November 4, 2022
Elections and Affirmative Action
If you’re like me right now, you can’t help but keep at least one eye on the election in these final days before the midterms. In which case, you are also probably deeply worried about the midterms and what they could spell for the fate of our democracy. I would be doing a disservice if I didn’t take this moment to underscore the importance of all eligible voters voting. If you’ve already voted or have a plan to vote, make sure friends and family are doing the same. Make sure they are voting their full ballot.
I also want to acknowledge our collective and genuine alarm about this moment of truth for our democracy. We are all watching specific races that will determine who will oversee elections in certain states moving forward, including overseeing the 2024 presidential election. We are, and I don’t think this is overstating it, terrified of having proponents of election subversion in charge of overseeing and certifying election results. This alarm is valid, and it underscores the importance of all of us being engaged and outspoken about the real threat of election subversion in this country and of safeguarding the guardrails of democracy. Democracy is not a given, and it should not be taken for granted.
That said, there is a lot of speculation going around about how the elections will turn out. It’s only that, however, speculation. Nobody knows. And anybody who says they do know how the elections will turn out is doing a disservice to the electoral process. As stressful as the uncertainty can be, it is also a reflection of democracy. We don’t know who will win because voters are still voting. I want to take every opportunity to thank those who also serving as poll workers this election cycle. Still, we are hearing about poll worker shortages in some states, just underscoring how important poll workers and election administrators are to our elections.

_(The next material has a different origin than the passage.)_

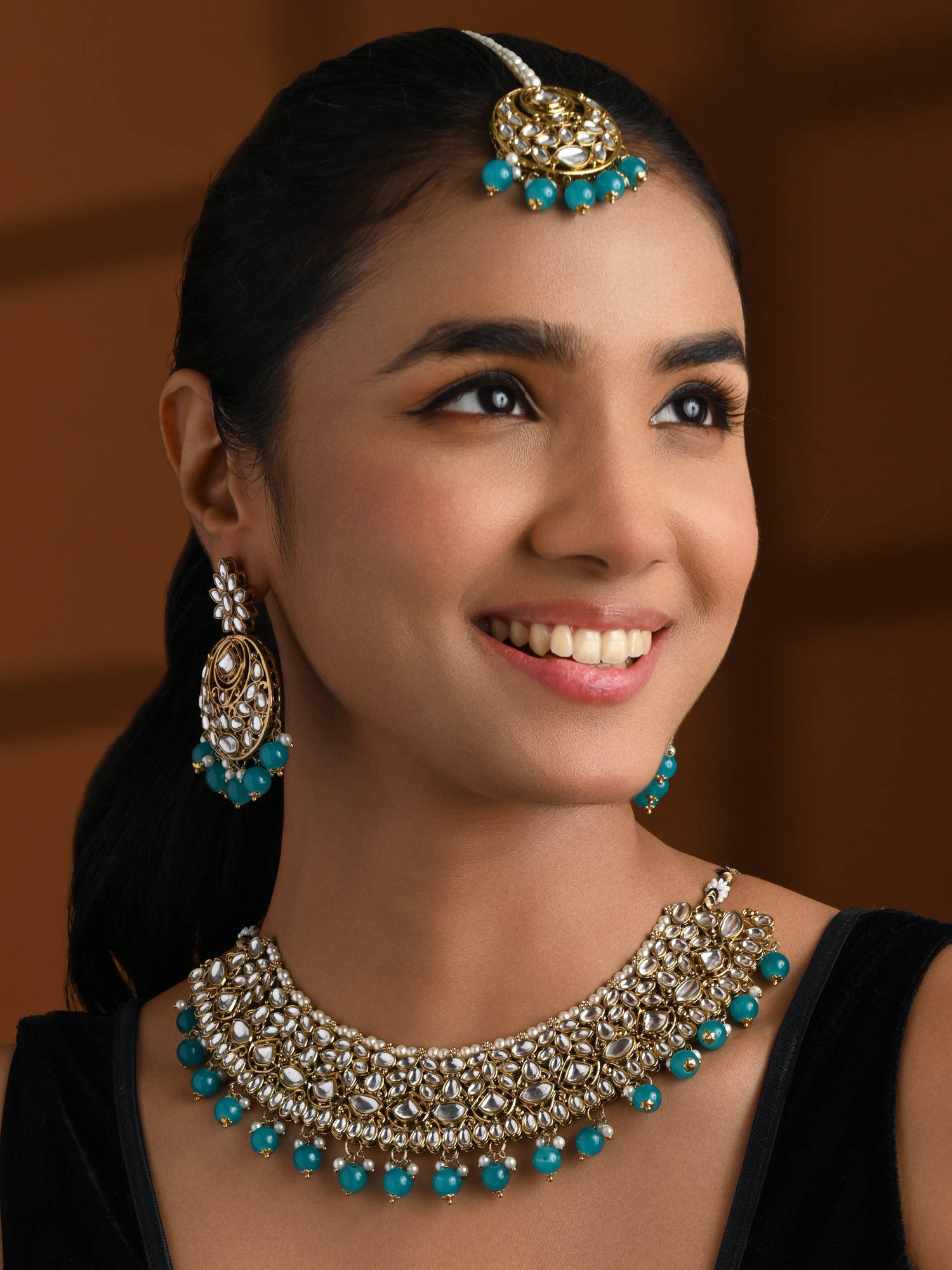 I Jewels Gold Plated Blue Traditional Kundan Pearl Bridal Jewellery Set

Here at ACS, we have been thinking and planning for various election outcomes for several months. I want to note here a few things that we can do and will be doing after the midterms, regardless of the election results:
Ensuring the Senate confirms at least 30 judges during the lame duck. We are committed to our Path to the Bench initiative and to diversifying the federal bench. Our work in identifying and recruiting candidates for federal and state courts will continue no matter what because we know courts matter. Just like state court judges are now on the frontlines of protecting abortion rights, state and federal judge are increasingly on the frontlines of protecting the guardrails of our democracy, including election laws. We saw proponents of the Big Lie turn to the courts in 2020, and our courts held firm in upholding the rule of law. We need to ensure that those sitting on state and federal courts are diverse, qualified judges who are committed to the rule of law and to vindicating our fundamental rights. That’s why we are already calling on the Senate to confirm 30 more judicial nominees during the lame duck. Regardless of how the elections turn out, the Senate must maximize the lame duck session to confirm judges. There can be no excuse not to confirm at least 30 judges before the end of the year.

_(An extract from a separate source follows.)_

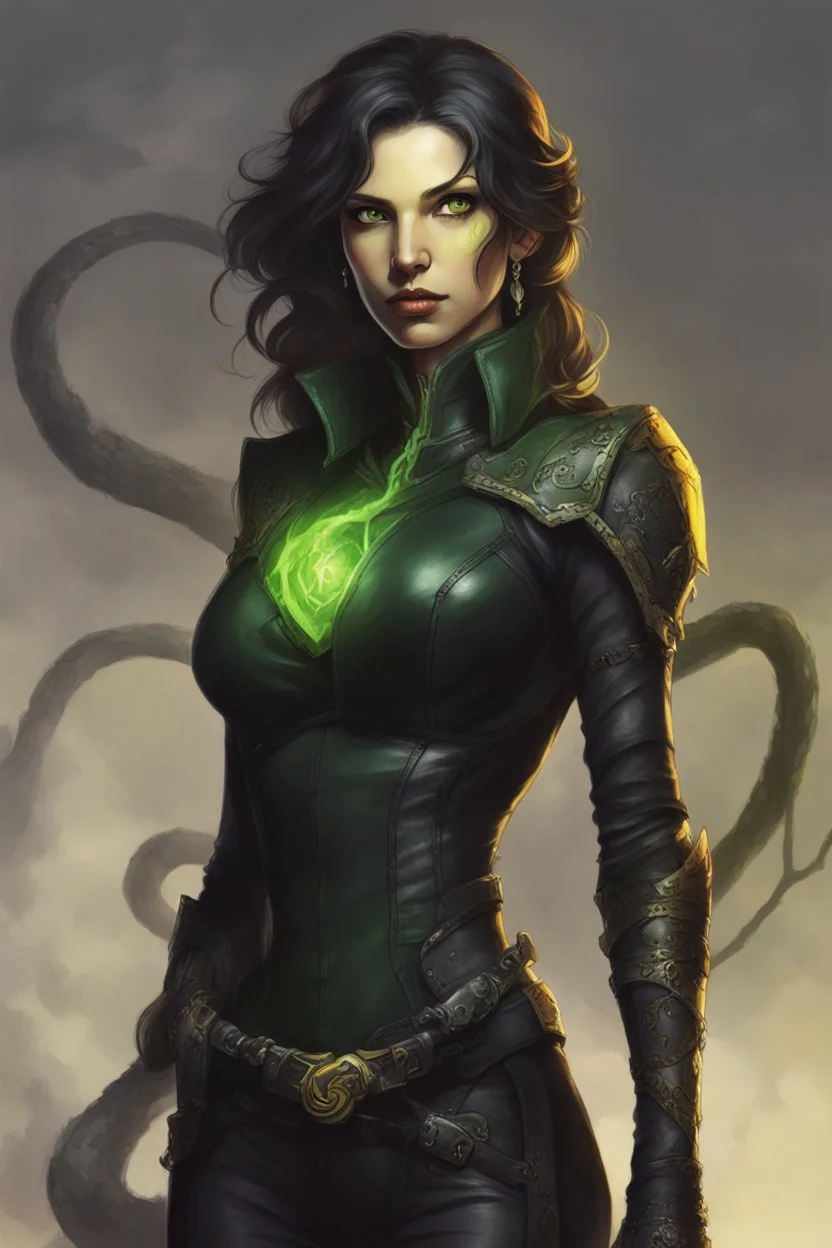 a female humanoid snake, dungeons and dragons, wearing a black leather armor, green scales, yellow eyes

Help us urge the Senate to Confirm 30 by sharing this graphic on your social media accounts:
Ongoing recruitment of our network to work for State Attorney General Offices, Secretary of State offices, and other state offices. It is not just the elected official in these offices who is doing the work to safeguard democracy. It is also the staff who are equally committed to the rule of law, to safeguarding democracy, and to protecting our fundamental rights. If you don’t want to run for office, consider working for one of these offices in your state.

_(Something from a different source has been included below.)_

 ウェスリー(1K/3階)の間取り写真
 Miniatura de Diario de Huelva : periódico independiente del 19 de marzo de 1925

Advocating for Supreme Court reform. I’m proud of ACS’s leadership on this issue and our commitment to seeing it through. This week was a glaring reminder of the impact that this Court’s legitimacy crisis has had and is poised to inflict. The Court heard two cases this week regarding affirmative action, and the conservative supermajority left little doubt that they are looking to wipe out the narrow precedent that currently enables colleges and universities to use race as one of many factors in determining admissions. To wipe out affirmative action in higher education is to strike a blow to education access and to our country’s broader pursuit of a genuine multiracial democracy. We need truth, racial healing, and transformation in this country, and yet we have a packed Supreme Court more intent on reversing course and reinforcing white supremacy. We must reform the Supreme Court to restore the legitimacy of this institution.
We will all be watching what happens on Election Day. Nobody knows how these elections will turn out, which is why our top message, our top priority, and our top responsibility must be to vote. In addition to voting, I encourage you to speak out. Do not look away in these final days or in the days after. Do not tune out. We must remain engaged and be ready to champion progress and speak out against subversion. The preservation of democracy rests with We the People. And the work does not stop on Election Day.